NFU responds to State of Nature report

NFU President Minette Batters issued a statemnt in response to the State of Nature report.
calendar icon 5 October 2019
clock icon 3 minute read

“Farming has already embarked on a long journey of protecting and maintaining the iconic British countryside; huge amounts of work¹ have been carried out to enhance our landscapes, benefit soil and water and encourage wildlife and farmland birds – this year 140 different species of birds were recorded on farms during the Big Farmland Bird Count².

“One of the biggest issues the report identifies is climate change. I’m pleased that farming is showing leadership in tackling this huge challenge we all face. We’ve set an ambitious target to reach net zero greenhouse gas emissions by 2040 through improving land management and changing land use to capture more carbon and planting more trees and hedges. Reducing our emissions and counterbalancing them through improvements in productivity and renewable energy production will also play an important role.

“Over the next 30 years farmers will need to produce more food to meet the demands of a growing population, using less land, less water and fewer agricultural inputs.
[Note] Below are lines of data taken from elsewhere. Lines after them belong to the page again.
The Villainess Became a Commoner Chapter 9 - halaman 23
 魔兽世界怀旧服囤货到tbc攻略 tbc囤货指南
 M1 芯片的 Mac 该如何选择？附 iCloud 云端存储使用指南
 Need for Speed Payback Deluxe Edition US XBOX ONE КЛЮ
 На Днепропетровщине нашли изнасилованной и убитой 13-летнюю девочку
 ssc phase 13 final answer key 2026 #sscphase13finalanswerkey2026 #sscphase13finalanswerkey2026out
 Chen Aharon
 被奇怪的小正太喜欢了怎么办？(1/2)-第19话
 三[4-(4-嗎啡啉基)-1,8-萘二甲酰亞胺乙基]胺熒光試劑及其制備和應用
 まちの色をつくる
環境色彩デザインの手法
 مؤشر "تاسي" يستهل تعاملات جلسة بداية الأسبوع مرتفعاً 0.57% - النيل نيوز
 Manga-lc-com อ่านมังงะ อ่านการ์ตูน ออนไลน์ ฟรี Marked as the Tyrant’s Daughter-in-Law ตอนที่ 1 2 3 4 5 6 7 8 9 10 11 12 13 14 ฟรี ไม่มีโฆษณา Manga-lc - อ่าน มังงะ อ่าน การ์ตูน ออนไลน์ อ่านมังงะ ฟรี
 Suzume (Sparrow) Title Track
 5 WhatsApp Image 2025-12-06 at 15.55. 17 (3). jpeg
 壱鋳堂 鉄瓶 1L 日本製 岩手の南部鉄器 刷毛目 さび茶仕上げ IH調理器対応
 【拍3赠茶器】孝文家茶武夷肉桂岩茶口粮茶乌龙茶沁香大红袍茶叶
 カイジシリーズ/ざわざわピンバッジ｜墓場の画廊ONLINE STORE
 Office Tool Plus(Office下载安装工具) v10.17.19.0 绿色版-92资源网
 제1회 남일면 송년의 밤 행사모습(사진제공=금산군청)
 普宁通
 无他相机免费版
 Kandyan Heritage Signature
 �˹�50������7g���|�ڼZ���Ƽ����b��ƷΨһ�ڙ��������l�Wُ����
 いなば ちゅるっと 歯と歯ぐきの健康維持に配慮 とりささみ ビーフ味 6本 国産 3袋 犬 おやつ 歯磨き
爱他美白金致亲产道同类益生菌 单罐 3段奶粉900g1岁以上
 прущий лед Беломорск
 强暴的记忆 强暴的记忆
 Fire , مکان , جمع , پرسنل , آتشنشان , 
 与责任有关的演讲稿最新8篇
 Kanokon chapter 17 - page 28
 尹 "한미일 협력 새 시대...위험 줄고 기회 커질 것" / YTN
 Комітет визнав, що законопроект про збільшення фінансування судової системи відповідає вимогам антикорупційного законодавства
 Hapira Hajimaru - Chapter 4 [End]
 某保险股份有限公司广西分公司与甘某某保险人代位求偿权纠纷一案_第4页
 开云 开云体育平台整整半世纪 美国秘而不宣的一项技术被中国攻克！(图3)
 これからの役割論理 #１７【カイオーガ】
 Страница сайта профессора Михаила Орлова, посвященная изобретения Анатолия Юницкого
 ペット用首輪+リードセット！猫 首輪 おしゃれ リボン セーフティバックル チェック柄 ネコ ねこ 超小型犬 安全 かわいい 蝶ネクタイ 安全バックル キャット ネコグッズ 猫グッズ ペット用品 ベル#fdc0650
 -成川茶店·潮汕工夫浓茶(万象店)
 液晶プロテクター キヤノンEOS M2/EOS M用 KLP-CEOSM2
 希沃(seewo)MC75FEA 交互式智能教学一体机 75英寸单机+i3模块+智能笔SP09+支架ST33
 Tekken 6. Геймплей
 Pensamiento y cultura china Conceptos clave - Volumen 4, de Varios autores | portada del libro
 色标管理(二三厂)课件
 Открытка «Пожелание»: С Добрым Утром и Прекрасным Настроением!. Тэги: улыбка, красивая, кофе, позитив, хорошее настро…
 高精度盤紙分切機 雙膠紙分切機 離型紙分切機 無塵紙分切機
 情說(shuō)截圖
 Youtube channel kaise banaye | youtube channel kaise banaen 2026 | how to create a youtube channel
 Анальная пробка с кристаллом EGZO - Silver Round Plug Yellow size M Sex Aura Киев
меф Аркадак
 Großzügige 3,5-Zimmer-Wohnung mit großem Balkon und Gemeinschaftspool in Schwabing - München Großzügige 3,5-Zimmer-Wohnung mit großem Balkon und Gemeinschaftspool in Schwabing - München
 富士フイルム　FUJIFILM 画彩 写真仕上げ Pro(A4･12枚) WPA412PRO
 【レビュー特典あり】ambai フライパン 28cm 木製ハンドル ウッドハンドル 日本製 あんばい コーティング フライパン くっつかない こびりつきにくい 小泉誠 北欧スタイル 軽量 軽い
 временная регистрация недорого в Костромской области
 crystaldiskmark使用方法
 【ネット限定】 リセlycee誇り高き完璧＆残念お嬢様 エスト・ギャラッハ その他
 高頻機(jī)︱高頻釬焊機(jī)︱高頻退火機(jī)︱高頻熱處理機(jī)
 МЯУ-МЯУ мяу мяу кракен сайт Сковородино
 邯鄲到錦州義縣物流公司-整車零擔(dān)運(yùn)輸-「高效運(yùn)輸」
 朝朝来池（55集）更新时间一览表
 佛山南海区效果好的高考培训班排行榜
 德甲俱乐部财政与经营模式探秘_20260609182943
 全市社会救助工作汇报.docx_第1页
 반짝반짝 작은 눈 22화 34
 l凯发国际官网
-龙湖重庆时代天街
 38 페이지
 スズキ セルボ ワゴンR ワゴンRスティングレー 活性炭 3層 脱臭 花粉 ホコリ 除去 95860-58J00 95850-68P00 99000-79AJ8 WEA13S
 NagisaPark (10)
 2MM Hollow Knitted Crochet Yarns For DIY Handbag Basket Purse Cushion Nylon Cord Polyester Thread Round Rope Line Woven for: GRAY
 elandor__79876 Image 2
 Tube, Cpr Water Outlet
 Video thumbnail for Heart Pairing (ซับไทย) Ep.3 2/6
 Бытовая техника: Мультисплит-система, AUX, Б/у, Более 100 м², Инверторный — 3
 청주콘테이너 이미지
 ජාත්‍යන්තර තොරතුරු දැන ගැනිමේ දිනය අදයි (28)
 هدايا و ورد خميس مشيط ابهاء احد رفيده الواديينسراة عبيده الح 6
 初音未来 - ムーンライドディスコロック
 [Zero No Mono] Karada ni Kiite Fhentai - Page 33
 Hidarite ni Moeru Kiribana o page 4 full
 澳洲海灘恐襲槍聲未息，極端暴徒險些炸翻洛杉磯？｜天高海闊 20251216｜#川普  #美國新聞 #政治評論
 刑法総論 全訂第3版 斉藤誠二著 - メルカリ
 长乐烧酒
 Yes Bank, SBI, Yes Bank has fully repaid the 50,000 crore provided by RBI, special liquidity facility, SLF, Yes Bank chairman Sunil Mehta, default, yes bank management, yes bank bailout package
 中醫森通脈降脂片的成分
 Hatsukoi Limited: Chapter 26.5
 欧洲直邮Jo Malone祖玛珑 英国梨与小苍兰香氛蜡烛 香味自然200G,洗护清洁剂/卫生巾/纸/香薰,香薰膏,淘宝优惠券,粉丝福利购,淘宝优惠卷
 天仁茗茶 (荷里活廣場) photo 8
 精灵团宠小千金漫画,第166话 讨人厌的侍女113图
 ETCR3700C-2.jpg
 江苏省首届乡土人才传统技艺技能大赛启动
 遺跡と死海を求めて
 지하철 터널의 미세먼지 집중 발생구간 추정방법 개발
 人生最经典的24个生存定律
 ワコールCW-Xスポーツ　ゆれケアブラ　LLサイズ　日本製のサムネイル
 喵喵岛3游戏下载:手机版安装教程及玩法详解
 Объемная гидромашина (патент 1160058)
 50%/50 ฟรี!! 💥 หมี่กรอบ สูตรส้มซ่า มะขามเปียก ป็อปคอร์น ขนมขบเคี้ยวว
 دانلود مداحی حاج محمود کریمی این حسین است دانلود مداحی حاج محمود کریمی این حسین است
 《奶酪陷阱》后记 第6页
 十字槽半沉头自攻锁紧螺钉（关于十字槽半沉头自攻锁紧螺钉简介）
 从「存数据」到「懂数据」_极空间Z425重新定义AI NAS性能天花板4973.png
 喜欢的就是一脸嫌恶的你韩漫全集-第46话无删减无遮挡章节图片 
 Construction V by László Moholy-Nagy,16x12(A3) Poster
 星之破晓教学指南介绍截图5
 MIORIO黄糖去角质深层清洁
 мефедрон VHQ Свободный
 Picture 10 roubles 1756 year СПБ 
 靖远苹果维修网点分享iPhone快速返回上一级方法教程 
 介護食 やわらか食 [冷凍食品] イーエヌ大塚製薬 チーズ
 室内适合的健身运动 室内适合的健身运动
We cannot simply offshore our environmental footprint elsewhere in the world where standards fall below our own. As the NFU’s own environment report³ recognises, farmers have a huge role in meeting these environmental challenges, alongside providing safe, traceable and affordable food for the nation.

“We can and want to play our part, but this cannot happen in isolation. We need a domestic agricultural policy that allows British farming to thrive after the UK leaves the EU with policies that enable farmers to embrace accessible environmental schemes that provide infrastructure projects, new technologies and innovative tools so farm businesses can continue to be productive and profitable while continuing to deliver the environmental benefits we all want to see.”